Partly because of the brief nature of human existence, it is impossible to get a larger view of life without outside help. People everywhere are grasping for some small bit of happiness in their minuscule time span.  Meaning and purpose are elusive when you look for them within your drop of mist, a drop that’s ironically on fire with rage, fear, violence and selfishness.  (The old fashioned, offensive word for all of this is Sin).  And when you look within yourself, the droplet within the drop, things are no better.

It is unpopular in this particular droplet of time to look to something ancient or large or most un-vapor like as a possible source of wisdom and practical help for the freaking mess we are in.  But many, many before us, those pre-modern, unsophisticated folks who managed to get far enough to keep the world populated, thought it wise to look outside of their mist bubble.  And though “we didn’t start the fire, it was always burning since the world’s been turning” to quote Billy Joel, the majority of people in those unsophisticated times believed in something larger than themselves.  They attributed the ordered world to something or someone that was NOT them. And maybe because hauling water and chopping wood and manually editing a book with a pen made room for undistracted thought, it was easier for people to transcend their droplet and get a view of the wide wonder of it all.

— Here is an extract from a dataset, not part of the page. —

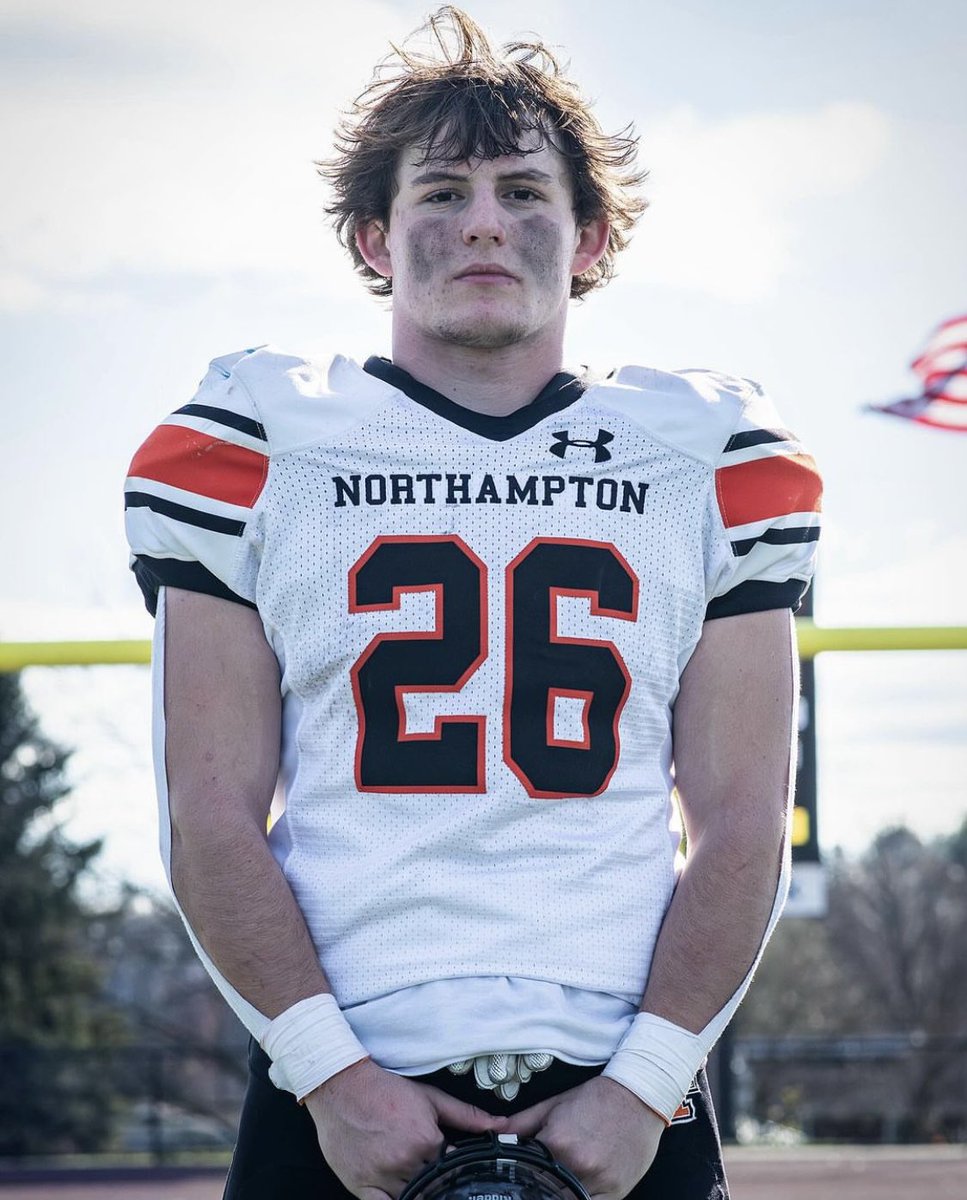OTVsportsmedia's tweet photo. Billy Stuhldreher had a great performance in Northampton’s Thanksgiving Day win against Catasauqua. Stuhldreher had 8 CAR, 57 YDS, and a TD. His biggest play of the day came with three minutes left in the fourth quarter when he had a 93-YD INT return for a TD. https://t.co/hZthaf01qR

Whatever the reason, the further we moderns seem to get away from validating anything thought or written before the 20th century, the worse our interior lives become.  There have always been sad people, suicidal people, anxious people, angry people.  But just look up the suicide rate graphs by year on the internet, and I’ll rest my case.

Anyone who knows me also knows that I am a follower of Jesus Christ, although a stumbling, bumbling one with a great deal of forgiven sin in my rear view mirror, including from this morning.  So you already know where I’m going with this.  We need something solid.  Something non-misty, something like a rock and refuge and lighthouse at the same time to navigate and understand our place in this long running story of here today, gone tomorrow. Or, better said, someONE.  It is absolutely critical that we put down our phones and go chop some wood or haul some water, or whatever it takes to stop being distracted long enough to grab hold of what’s true and lasting. We’re not meant to be spectators in the mist, tossed about in a meaningless fog until we die.  

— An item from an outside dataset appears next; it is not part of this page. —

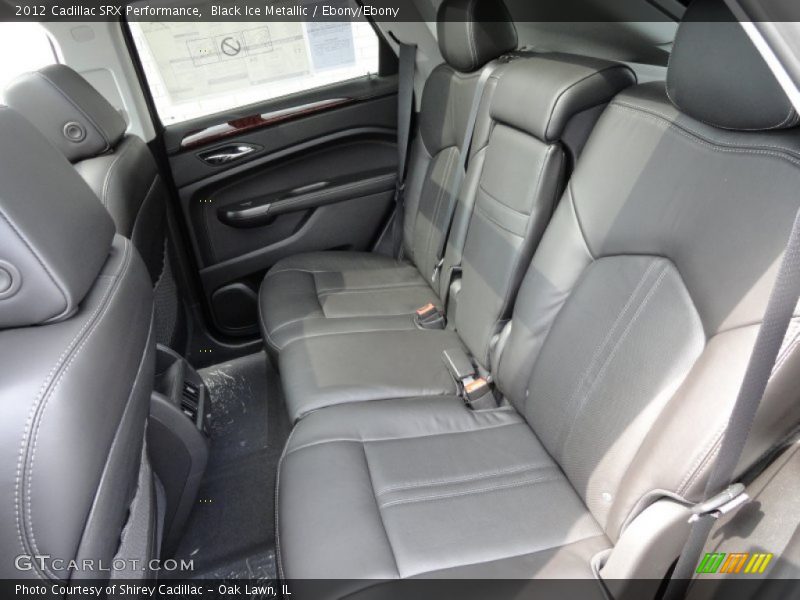 Black Ice Metallic / Ebony/Ebony 2012 Cadillac SRX Performance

When God in a jaw dropping display of humility sent Jesus to this sorry planet, just about every human being on earth believed in something bigger than themselves.  And knew something was wrong with the world. And with themselves.  They mostly feared some kind of god, because they saw the bigness and scariness and sublime beauty of the world they lived in.  Jesus shocked (and appalled) the people of 1st century Palestine by saying that he was indeed God, the exact representation of the Father, and that he cares about all the misty little creatures he thought up and created, and in fact loves them.  And He said there’s a solid place to stand, and He’s the solid place.  And then he proved His love by dying and taking all the sin of the misty world on Himself.  He actually became a mist.  But then the mist got back up out of the tomb.  And the world has never been the same hopeless place because hope became Someone solid if we would only believe it.

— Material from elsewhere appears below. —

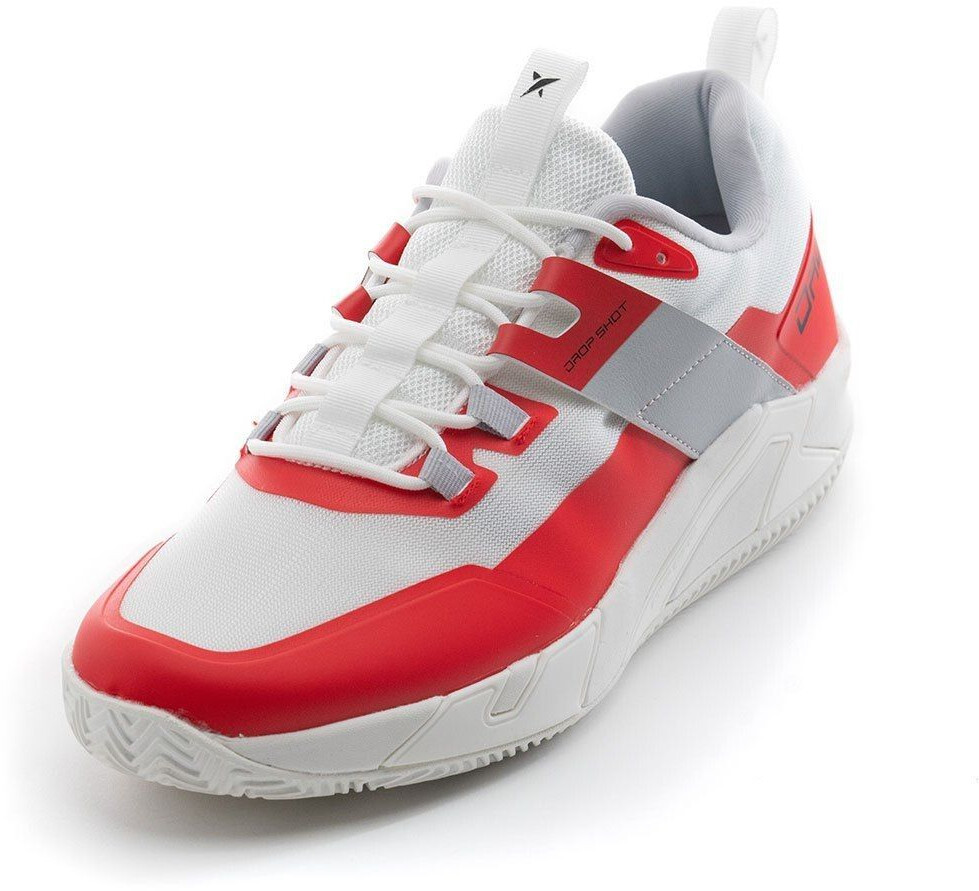 Drop Shot Dailos All Court Shoes red white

This truth has been relegated to fairy tales by many clever modern people. In the 21st century, education is the answer, funding is the answer, the answer is to be found in the midst of the mist. And we are free to believe the words of whosoever we choose in a vaporous world.  Freedom is the great gift of course, because without it love is impossible. And the whole point of this affair from God’s point of view is to love a people, and have that people love Him in return.  But that’s another post...

When Jesus rose from the dead, Thomas the disciple wasn’t there at His first appearance. But later, Jesus appeared again to His followers. And Thomas, who doubted the reality of the resurrection, was met with something solid, something outside himself, someONE made of flesh and blood that did not ultimately succumb to here today, gone tomorrow.  Christian tradition has it that Thomas was eventually martyred for his faith.  But not before he and a small group of others started a fire of love that is still changing mists like me thousands of years later. 

Find out what’s true in your hot minute.  It matters more than anything else.